Насилие и священное - Жирар Рене. Страница 21

Адраст: Раз ночью к нам два путника пришло.
Тесей: Но кто ж и кто? Ты говоришь, что двое…
Адраст: Гляжу — борьба: Тидей и Полиник.
Тесей: И в них зверей предсказанных узнал ты?
Адраст. Борцы зверей напоминали мне.
Тесей: Но что же их от очагов прогнало?
Адраст: Сородича, о царь, Тидей убил.
Тесей: А Полиник за что ушел в изгнанье?
Адраст: От слов отца пророческих бежал,
Чтобы не стать убийцей Этеокла…
[ «Умоляющие», 142–151; пер. И. Анненского]

Жестокий и устраняющий различия характер борьбы, симметрия семейных положений, брак с сестрами, вводящий в буквальном смысле «братский» аспект, — все это превращает данный эпизод в дублет отношений Этеокл/Полиник и, в сущности, всякой вражды между братьями.

Стоит однажды выделить отличительные черты конфликта между братьями, как замечаешь, что они появляются чуть не повсеместно в мифах и трагедиях — изолированно или разнообразно сгруппированные.

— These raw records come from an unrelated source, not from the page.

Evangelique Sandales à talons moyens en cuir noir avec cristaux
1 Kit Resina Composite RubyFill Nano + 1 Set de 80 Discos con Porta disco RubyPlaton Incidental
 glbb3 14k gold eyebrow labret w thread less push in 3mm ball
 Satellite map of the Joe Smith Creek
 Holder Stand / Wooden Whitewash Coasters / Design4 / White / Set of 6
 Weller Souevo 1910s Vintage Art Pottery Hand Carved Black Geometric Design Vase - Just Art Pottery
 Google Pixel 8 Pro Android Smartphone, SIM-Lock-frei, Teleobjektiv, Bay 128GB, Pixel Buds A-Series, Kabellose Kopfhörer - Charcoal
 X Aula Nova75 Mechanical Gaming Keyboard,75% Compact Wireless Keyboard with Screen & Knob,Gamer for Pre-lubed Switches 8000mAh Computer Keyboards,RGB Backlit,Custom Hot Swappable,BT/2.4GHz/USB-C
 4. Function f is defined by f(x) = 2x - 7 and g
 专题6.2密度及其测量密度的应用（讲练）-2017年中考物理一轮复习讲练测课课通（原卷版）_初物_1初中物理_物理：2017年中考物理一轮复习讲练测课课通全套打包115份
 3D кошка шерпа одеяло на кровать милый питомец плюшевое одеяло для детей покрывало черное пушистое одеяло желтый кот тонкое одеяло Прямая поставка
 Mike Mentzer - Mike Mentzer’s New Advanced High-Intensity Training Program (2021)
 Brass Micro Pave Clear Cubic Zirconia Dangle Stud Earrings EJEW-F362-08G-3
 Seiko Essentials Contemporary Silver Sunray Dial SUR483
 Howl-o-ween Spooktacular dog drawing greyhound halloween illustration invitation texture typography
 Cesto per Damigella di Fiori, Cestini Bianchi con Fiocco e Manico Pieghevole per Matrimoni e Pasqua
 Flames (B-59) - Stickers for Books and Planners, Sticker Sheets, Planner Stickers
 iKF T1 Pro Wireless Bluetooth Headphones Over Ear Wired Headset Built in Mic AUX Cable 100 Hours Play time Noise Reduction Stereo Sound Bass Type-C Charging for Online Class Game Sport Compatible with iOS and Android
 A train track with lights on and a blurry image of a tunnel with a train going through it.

Наряду с братьями в буквальном смысле, Этеоклом и Полиником, мы находим зятьев и шурьев, то есть почти братьев, таких, как Полиник и Тидей или Эдип и Креонт, или других близких родственников одного поколения, — например, двоюродных братьев, как Дионис и Пенфей. Близкое родство здесь в конечном счете берется вне всякой специфичности, поскольку оно символизирует разложение семейных различий; иначе говоря, оно десимволизирует. В итоге оно включается в симметрию конфликта — в мифе с трудом видимую, хотя и всегда лежащую в основе всех его тем, и, напротив, резко подчеркнутую в трагедии, поскольку трагедия стремится обнажить обезразличенное насилие, стоящее за темами мифа. Темами, которые неизбежно эту обезразличенность выдают, хотя бы потому, что они ее репрезентируют.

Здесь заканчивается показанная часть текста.